Configuring Scale and GPUs#
Increasing the scale of a Ray Train training run is simple and can be done in a few lines of code.
The main interface for this is the ScalingConfig
,
which configures the number of workers and the resources they should use.
In this guide, a worker refers to a Ray Train distributed training worker, which is a Ray Actor that runs your training function.

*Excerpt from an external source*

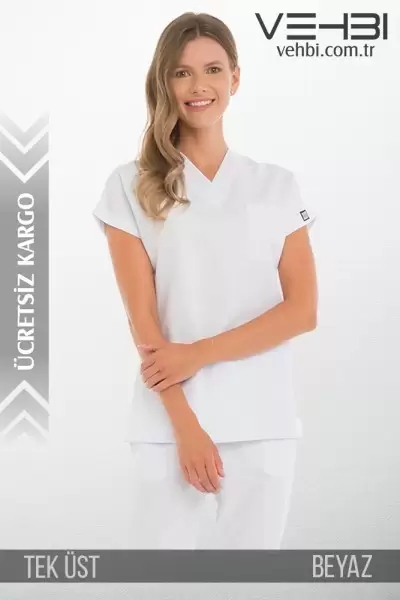V Yaka Doktor-Hemşire Forma Üst (Alpaka Kumaş-Dr Greys-Bayan) V Yaka Doktor-Hemşire Forma Üst (Alpaka Kumaş-Dr Greys-Bayan)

Increasing the number of workers#
The main interface to control parallelism in your training code is to set the
number of workers. This can be done by passing the num_workers
attribute to
the ScalingConfig
:
from ray.train import ScalingConfig
scaling_config = ScalingConfig(
num_workers=8
)
Using GPUs#
To use GPUs, pass use_gpu=True
to the ScalingConfig
.
This will request one GPU per training worker. In the example below, training will
run on 8 GPUs (8 workers, each using one GPU).
from ray.train import ScalingConfig
scaling_config = ScalingConfig(
num_workers=8,
use_gpu=True
)
Using GPUs in the training function#
When use_gpu=True
is set, Ray Train will automatically set up environment variables
in your training function so that the GPUs can be detected and used
(e.g. CUDA_VISIBLE_DEVICES
).
You can get the associated devices with ray.train.torch.get_device()
.
import torch
from ray.train import ScalingConfig
from ray.train.torch import TorchTrainer, get_device
def train_func():
assert torch.cuda.is_available()
device = get_device()
assert device == torch.device("cuda:0")
trainer = TorchTrainer(
train_func,
scaling_config=ScalingConfig(
num_workers=1,
use_gpu=True
)
)
trainer.fit()
Assigning multiple GPUs to a worker#
Sometimes you might want to allocate multiple GPUs for a worker. For example,
you can specify resources_per_worker={"GPU": 2}
in the ScalingConfig
if you want to
assign 2 GPUs for each worker.
You can get a list of associated devices with ray.train.torch.get_devices()
.
import torch
from ray.train import ScalingConfig
from ray.train.torch import TorchTrainer, get_device, get_devices
def train_func():
assert torch.cuda.is_available()
device = get_device()
devices = get_devices()
assert device == torch.device("cuda:0")
assert devices == [torch.device("cuda:0"), torch.device("cuda:1")]
trainer = TorchTrainer(
train_func,
scaling_config=ScalingConfig(
num_workers=1,
use_gpu=True,
resources_per_worker={"GPU": 2}
)
)
trainer.fit()
Setting the GPU type#
Ray Train allows you to specify the accelerator type for each worker.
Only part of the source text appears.